■ **Exercise brief**:
Your response should consist of every entry, unchanged.

■ **Material for this exercise**:
┄┄┄┄┄┄

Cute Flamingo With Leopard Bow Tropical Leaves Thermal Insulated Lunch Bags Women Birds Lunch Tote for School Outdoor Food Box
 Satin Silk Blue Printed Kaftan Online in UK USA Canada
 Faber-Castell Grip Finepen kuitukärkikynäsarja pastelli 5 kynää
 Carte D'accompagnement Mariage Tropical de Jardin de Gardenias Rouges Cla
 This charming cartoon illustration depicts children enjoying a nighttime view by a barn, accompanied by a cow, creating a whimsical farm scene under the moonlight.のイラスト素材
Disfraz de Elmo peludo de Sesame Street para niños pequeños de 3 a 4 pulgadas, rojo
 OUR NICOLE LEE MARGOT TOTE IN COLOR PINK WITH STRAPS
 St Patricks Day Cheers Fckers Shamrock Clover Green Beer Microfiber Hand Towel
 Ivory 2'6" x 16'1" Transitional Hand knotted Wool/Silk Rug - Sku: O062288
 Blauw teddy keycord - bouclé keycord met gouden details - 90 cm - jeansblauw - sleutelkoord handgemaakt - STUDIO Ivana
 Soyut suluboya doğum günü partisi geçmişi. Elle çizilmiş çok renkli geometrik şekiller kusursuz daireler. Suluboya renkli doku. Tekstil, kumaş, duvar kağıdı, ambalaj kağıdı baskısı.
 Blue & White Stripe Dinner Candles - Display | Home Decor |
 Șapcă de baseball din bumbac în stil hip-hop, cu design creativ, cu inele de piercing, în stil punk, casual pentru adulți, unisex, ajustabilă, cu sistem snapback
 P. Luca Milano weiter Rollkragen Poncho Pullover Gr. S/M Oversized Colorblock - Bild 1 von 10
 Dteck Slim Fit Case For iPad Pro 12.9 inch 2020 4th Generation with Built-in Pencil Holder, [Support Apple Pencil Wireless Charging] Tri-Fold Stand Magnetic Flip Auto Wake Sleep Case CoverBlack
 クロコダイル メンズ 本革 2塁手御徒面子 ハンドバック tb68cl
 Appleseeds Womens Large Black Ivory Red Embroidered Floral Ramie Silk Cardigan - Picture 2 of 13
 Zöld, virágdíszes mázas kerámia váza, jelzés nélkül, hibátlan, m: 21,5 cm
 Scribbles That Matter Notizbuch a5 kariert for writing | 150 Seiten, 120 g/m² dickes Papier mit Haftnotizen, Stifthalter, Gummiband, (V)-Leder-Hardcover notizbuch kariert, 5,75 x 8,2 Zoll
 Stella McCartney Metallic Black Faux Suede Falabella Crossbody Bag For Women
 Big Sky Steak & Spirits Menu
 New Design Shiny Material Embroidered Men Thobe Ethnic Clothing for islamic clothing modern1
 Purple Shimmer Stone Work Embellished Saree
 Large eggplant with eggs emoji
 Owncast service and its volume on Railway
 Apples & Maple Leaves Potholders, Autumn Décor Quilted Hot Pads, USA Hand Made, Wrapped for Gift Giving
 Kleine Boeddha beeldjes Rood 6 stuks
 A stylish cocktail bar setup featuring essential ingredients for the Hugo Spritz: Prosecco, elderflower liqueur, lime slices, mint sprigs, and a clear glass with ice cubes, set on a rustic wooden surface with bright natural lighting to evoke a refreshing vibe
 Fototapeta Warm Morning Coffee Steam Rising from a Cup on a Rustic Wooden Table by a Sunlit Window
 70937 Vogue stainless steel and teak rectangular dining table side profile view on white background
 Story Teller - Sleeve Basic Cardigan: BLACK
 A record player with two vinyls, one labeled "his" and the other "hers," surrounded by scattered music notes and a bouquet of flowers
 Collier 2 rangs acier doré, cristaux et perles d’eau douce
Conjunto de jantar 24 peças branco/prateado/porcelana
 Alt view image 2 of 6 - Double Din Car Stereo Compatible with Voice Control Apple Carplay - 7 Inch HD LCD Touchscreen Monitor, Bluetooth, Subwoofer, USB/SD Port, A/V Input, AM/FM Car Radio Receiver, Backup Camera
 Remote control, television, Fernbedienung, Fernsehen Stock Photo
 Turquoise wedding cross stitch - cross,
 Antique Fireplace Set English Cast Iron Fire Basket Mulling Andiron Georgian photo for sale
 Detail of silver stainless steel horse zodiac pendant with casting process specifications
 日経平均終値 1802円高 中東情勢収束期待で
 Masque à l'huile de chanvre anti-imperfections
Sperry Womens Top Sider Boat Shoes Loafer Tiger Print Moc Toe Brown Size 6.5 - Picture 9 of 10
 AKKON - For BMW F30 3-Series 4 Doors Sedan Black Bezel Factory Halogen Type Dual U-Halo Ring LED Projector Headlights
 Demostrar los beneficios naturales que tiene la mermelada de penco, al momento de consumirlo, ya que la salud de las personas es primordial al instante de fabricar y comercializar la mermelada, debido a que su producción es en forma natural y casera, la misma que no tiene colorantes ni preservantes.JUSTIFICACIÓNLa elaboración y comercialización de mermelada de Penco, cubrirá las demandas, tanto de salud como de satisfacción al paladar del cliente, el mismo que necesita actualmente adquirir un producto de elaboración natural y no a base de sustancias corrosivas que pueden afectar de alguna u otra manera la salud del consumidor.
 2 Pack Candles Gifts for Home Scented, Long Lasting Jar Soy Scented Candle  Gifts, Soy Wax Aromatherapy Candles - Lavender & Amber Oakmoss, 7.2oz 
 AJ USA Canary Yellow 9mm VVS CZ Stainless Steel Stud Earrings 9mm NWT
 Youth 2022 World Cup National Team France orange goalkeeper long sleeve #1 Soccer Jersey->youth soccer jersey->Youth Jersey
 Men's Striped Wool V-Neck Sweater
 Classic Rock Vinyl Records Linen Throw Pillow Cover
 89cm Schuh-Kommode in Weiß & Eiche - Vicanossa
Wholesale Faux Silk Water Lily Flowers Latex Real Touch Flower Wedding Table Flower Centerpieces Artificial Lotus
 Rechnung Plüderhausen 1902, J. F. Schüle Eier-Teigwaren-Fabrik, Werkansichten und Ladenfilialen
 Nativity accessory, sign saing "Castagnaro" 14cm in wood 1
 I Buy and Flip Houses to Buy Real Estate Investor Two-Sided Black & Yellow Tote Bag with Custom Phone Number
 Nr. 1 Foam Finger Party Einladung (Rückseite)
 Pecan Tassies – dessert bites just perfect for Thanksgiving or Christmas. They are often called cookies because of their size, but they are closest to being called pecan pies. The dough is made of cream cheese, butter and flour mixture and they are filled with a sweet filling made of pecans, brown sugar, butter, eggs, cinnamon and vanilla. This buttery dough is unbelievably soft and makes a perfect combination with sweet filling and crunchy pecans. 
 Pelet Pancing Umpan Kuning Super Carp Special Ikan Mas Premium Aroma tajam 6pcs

┄┄┄┄┄┄

■ **Expected answer**:
Cute Flamingo With Leopard Bow Tropical Leaves Thermal Insulated Lunch Bags Women Birds Lunch Tote for School Outdoor Food Box
 Satin Silk Blue Printed Kaftan Online in UK USA Canada
 Faber-Castell Grip Finepen kuitukärkikynäsarja pastelli 5 kynää
 Carte D'accompagnement Mariage Tropical de Jardin de Gardenias Rouges Cla
 This charming cartoon illustration depicts children enjoying a nighttime view by a barn, accompanied by a cow, creating a whimsical farm scene under the moonlight.のイラスト素材
Disfraz de Elmo peludo de Sesame Street para niños pequeños de 3 a 4 pulgadas, rojo
 OUR NICOLE LEE MARGOT TOTE IN COLOR PINK WITH STRAPS
 St Patricks Day Cheers Fckers Shamrock Clover Green Beer Microfiber Hand Towel
 Ivory 2'6" x 16'1" Transitional Hand knotted Wool/Silk Rug - Sku: O062288
 Blauw teddy keycord - bouclé keycord met gouden details - 90 cm - jeansblauw - sleutelkoord handgemaakt - STUDIO Ivana
 Soyut suluboya doğum günü partisi geçmişi. Elle çizilmiş çok renkli geometrik şekiller kusursuz daireler. Suluboya renkli doku. Tekstil, kumaş, duvar kağıdı, ambalaj kağıdı baskısı.
 Blue & White Stripe Dinner Candles - Display | Home Decor |
 Șapcă de baseball din bumbac în stil hip-hop, cu design creativ, cu inele de piercing, în stil punk, casual pentru adulți, unisex, ajustabilă, cu sistem snapback
 P. Luca Milano weiter Rollkragen Poncho Pullover Gr. S/M Oversized Colorblock - Bild 1 von 10
 Dteck Slim Fit Case For iPad Pro 12.9 inch 2020 4th Generation with Built-in Pencil Holder, [Support Apple Pencil Wireless Charging] Tri-Fold Stand Magnetic Flip Auto Wake Sleep Case CoverBlack
 クロコダイル メンズ 本革 2塁手御徒面子 ハンドバック tb68cl
 Appleseeds Womens Large Black Ivory Red Embroidered Floral Ramie Silk Cardigan - Picture 2 of 13
 Zöld, virágdíszes mázas kerámia váza, jelzés nélkül, hibátlan, m: 21,5 cm
 Scribbles That Matter Notizbuch a5 kariert for writing | 150 Seiten, 120 g/m² dickes Papier mit Haftnotizen, Stifthalter, Gummiband, (V)-Leder-Hardcover notizbuch kariert, 5,75 x 8,2 Zoll
 Stella McCartney Metallic Black Faux Suede Falabella Crossbody Bag For Women
 Big Sky Steak & Spirits Menu
 New Design Shiny Material Embroidered Men Thobe Ethnic Clothing for islamic clothing modern1
 Purple Shimmer Stone Work Embellished Saree
 Large eggplant with eggs emoji
 Owncast service and its volume on Railway
 Apples & Maple Leaves Potholders, Autumn Décor Quilted Hot Pads, USA Hand Made, Wrapped for Gift Giving
 Kleine Boeddha beeldjes Rood 6 stuks
 A stylish cocktail bar setup featuring essential ingredients for the Hugo Spritz: Prosecco, elderflower liqueur, lime slices, mint sprigs, and a clear glass with ice cubes, set on a rustic wooden surface with bright natural lighting to evoke a refreshing vibe
 Fototapeta Warm Morning Coffee Steam Rising from a Cup on a Rustic Wooden Table by a Sunlit Window
 70937 Vogue stainless steel and teak rectangular dining table side profile view on white background
 Story Teller - Sleeve Basic Cardigan: BLACK
 A record player with two vinyls, one labeled "his" and the other "hers," surrounded by scattered music notes and a bouquet of flowers
 Collier 2 rangs acier doré, cristaux et perles d’eau douce
Conjunto de jantar 24 peças branco/prateado/porcelana
 Alt view image 2 of 6 - Double Din Car Stereo Compatible with Voice Control Apple Carplay - 7 Inch HD LCD Touchscreen Monitor, Bluetooth, Subwoofer, USB/SD Port, A/V Input, AM/FM Car Radio Receiver, Backup Camera
 Remote control, television, Fernbedienung, Fernsehen Stock Photo
 Turquoise wedding cross stitch - cross,
 Antique Fireplace Set English Cast Iron Fire Basket Mulling Andiron Georgian photo for sale
 Detail of silver stainless steel horse zodiac pendant with casting process specifications
 日経平均終値 1802円高 中東情勢収束期待で
 Masque à l'huile de chanvre anti-imperfections
Sperry Womens Top Sider Boat Shoes Loafer Tiger Print Moc Toe Brown Size 6.5 - Picture 9 of 10
 AKKON - For BMW F30 3-Series 4 Doors Sedan Black Bezel Factory Halogen Type Dual U-Halo Ring LED Projector Headlights
 Demostrar los beneficios naturales que tiene la mermelada de penco, al momento de consumirlo, ya que la salud de las personas es primordial al instante de fabricar y comercializar la mermelada, debido a que su producción es en forma natural y casera, la misma que no tiene colorantes ni preservantes.JUSTIFICACIÓNLa elaboración y comercialización de mermelada de Penco, cubrirá las demandas, tanto de salud como de satisfacción al paladar del cliente, el mismo que necesita actualmente adquirir un producto de elaboración natural y no a base de sustancias corrosivas que pueden afectar de alguna u otra manera la salud del consumidor.
 2 Pack Candles Gifts for Home Scented, Long Lasting Jar Soy Scented Candle  Gifts, Soy Wax Aromatherapy Candles - Lavender & Amber Oakmoss, 7.2oz 
 AJ USA Canary Yellow 9mm VVS CZ Stainless Steel Stud Earrings 9mm NWT
 Youth 2022 World Cup National Team France orange goalkeeper long sleeve #1 Soccer Jersey->youth soccer jersey->Youth Jersey
 Men's Striped Wool V-Neck Sweater
 Classic Rock Vinyl Records Linen Throw Pillow Cover
 89cm Schuh-Kommode in Weiß & Eiche - Vicanossa
Wholesale Faux Silk Water Lily Flowers Latex Real Touch Flower Wedding Table Flower Centerpieces Artificial Lotus
 Rechnung Plüderhausen 1902, J. F. Schüle Eier-Teigwaren-Fabrik, Werkansichten und Ladenfilialen
 Nativity accessory, sign saing "Castagnaro" 14cm in wood 1
 I Buy and Flip Houses to Buy Real Estate Investor Two-Sided Black & Yellow Tote Bag with Custom Phone Number
 Nr. 1 Foam Finger Party Einladung (Rückseite)
 Pecan Tassies – dessert bites just perfect for Thanksgiving or Christmas. They are often called cookies because of their size, but they are closest to being called pecan pies. The dough is made of cream cheese, butter and flour mixture and they are filled with a sweet filling made of pecans, brown sugar, butter, eggs, cinnamon and vanilla. This buttery dough is unbelievably soft and makes a perfect combination with sweet filling and crunchy pecans. 
 Pelet Pancing Umpan Kuning Super Carp Special Ikan Mas Premium Aroma tajam 6pcs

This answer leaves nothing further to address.